The material below holds pictures; leave them out and reproduce exactly the lines from the one with "Adobe Captivate 2, Edit view" through the one with "JONSBO TK-0 Black", inclusive.

● **Input material**
BEGIN

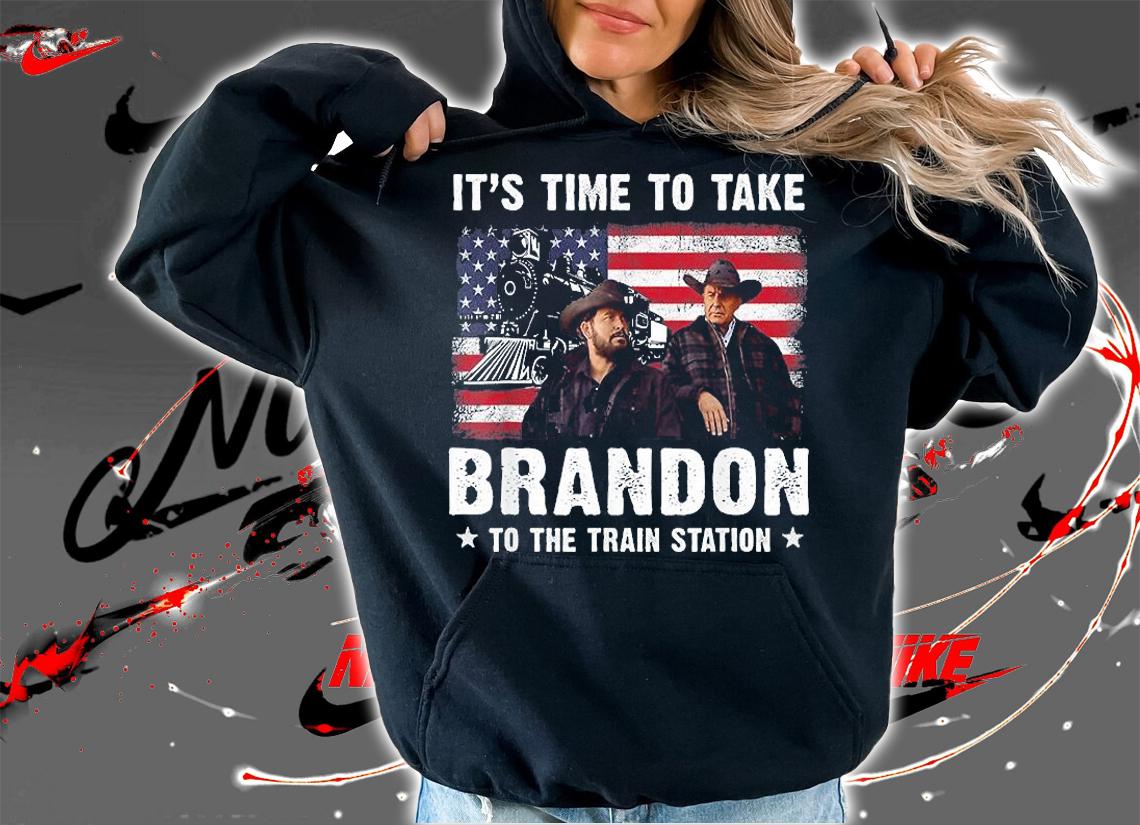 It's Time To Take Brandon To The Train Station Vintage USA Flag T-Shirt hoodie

END
BEGIN

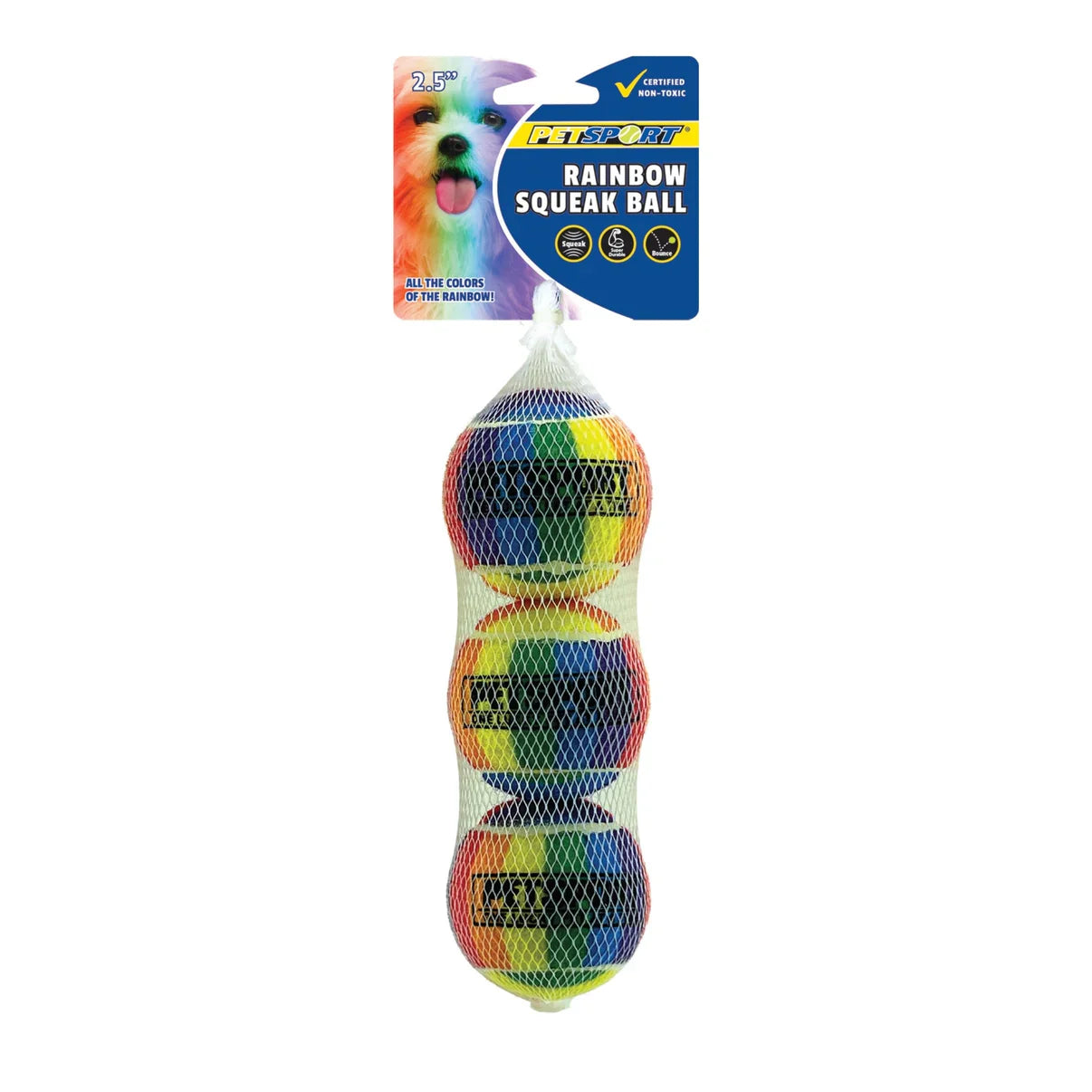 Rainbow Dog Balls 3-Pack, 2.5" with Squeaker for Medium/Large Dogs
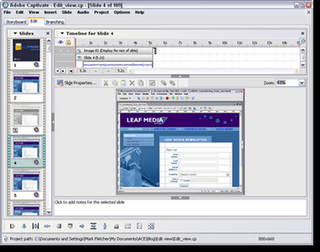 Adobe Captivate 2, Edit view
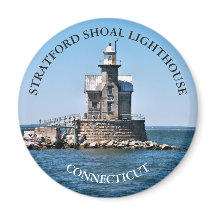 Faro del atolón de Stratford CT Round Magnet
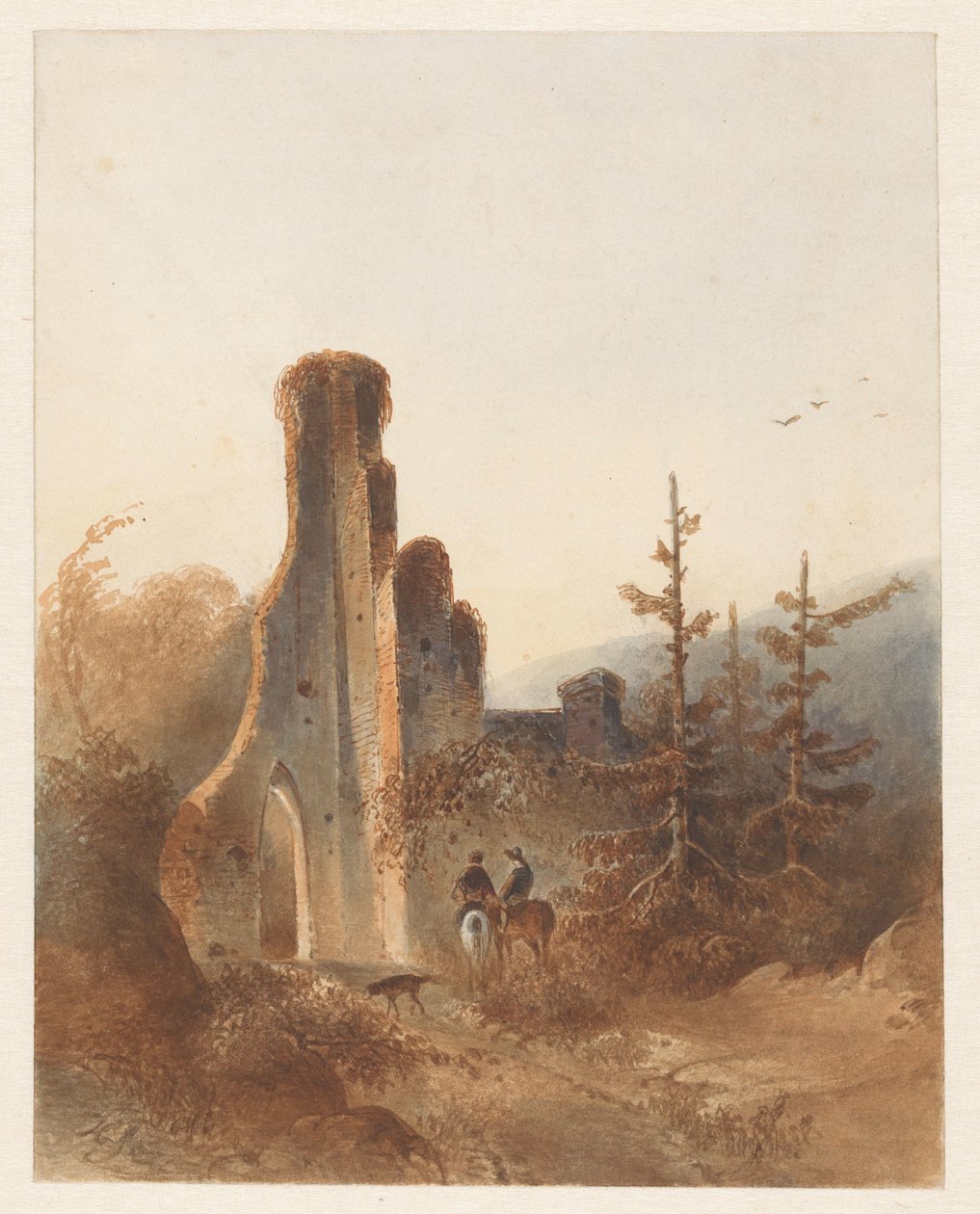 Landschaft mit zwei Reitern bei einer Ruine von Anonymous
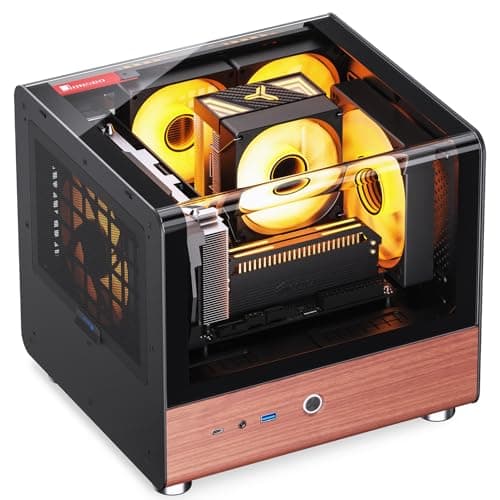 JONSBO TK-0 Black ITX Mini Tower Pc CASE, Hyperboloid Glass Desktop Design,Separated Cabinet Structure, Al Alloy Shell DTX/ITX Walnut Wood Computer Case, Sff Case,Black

END
BEGIN

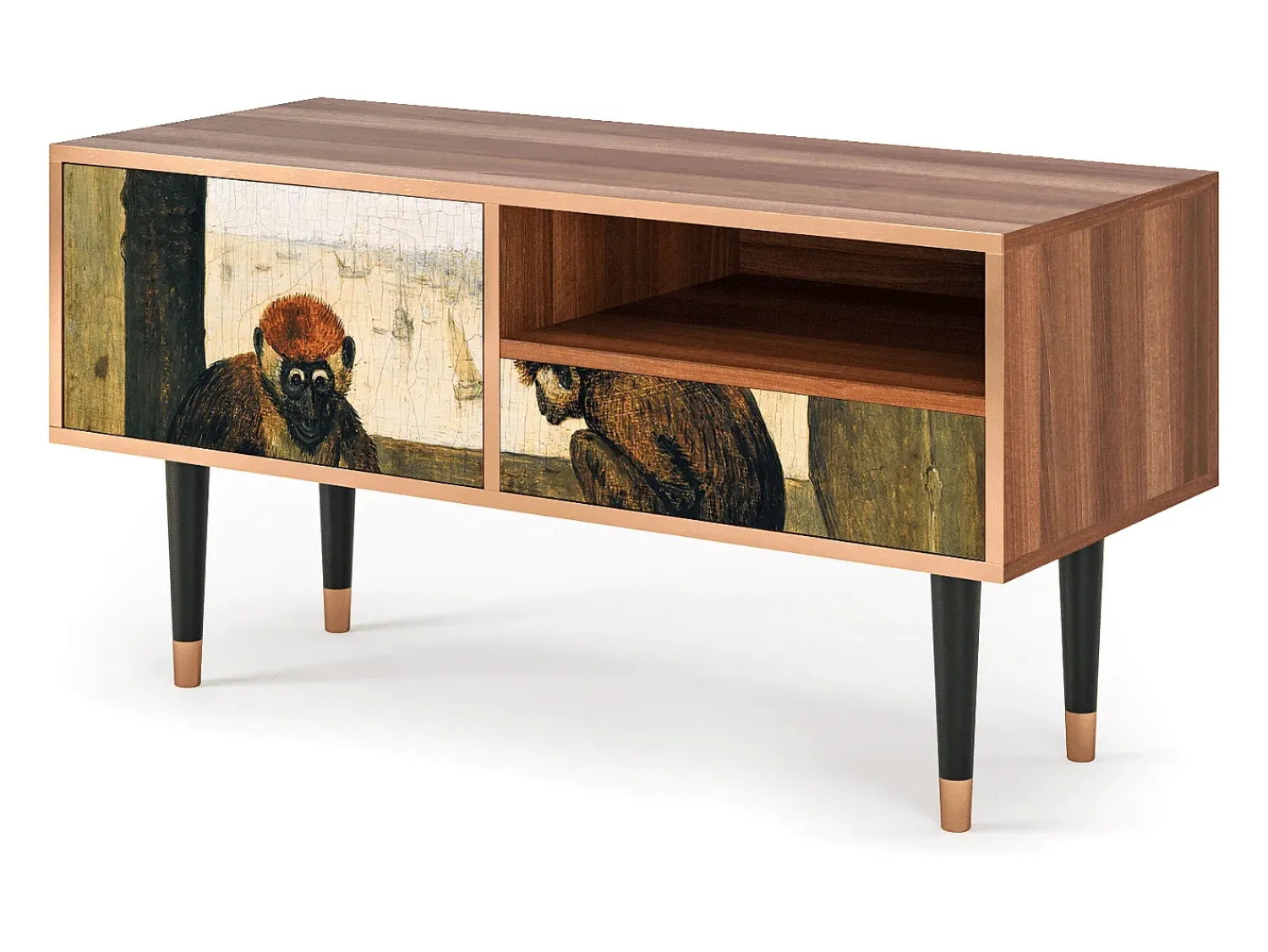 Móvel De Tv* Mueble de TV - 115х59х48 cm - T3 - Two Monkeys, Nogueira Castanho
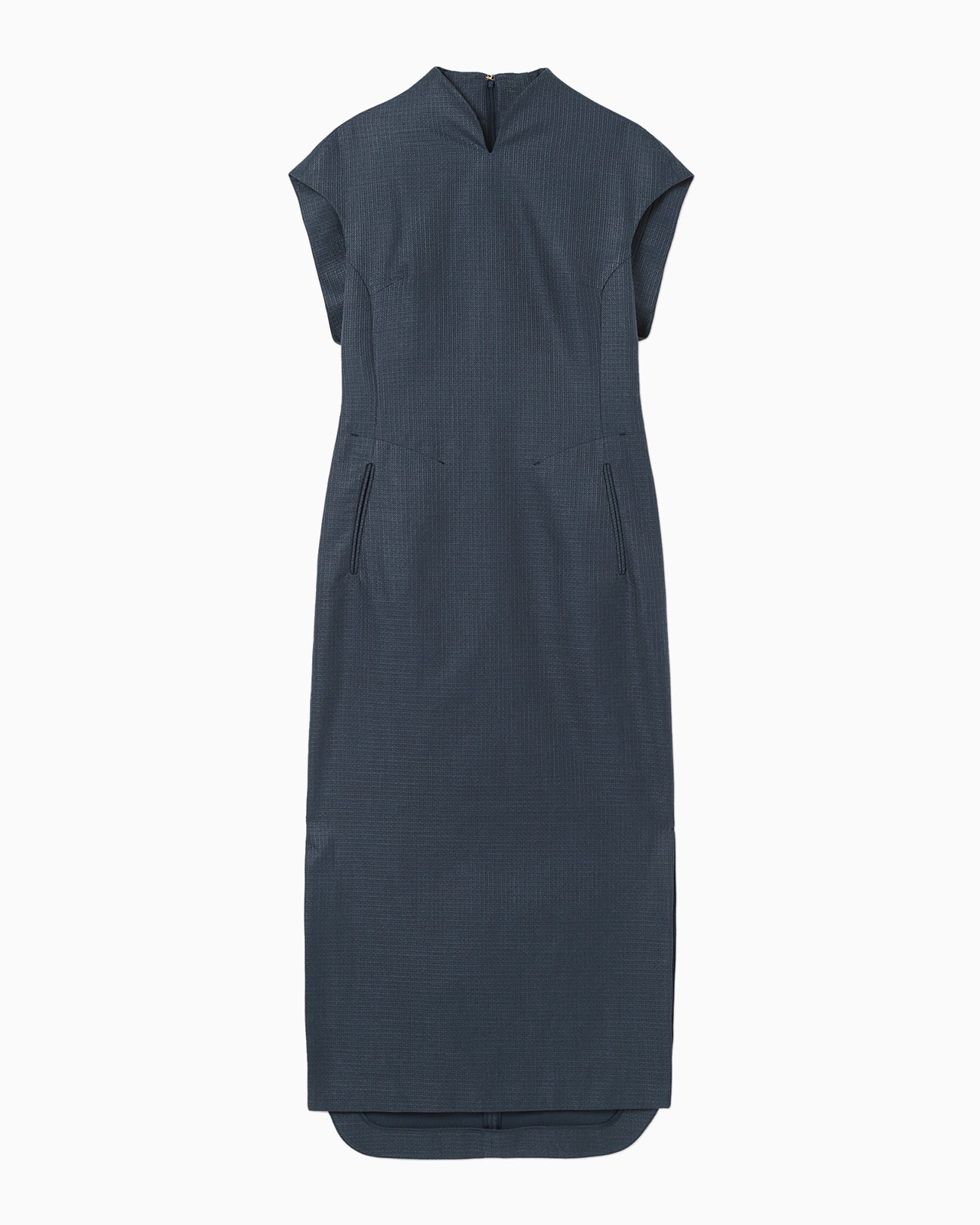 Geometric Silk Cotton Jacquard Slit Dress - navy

END

● **Solution to this problem**
 Adobe Captivate 2, Edit view
 Faro del atolón de Stratford CT Round Magnet
 Landschaft mit zwei Reitern bei einer Ruine von Anonymous
 JONSBO TK-0 Black ITX Mini Tower Pc CASE, Hyperboloid Glass Desktop Design,Separated Cabinet Structure, Al Alloy Shell DTX/ITX Walnut Wood Computer Case, Sff Case,Black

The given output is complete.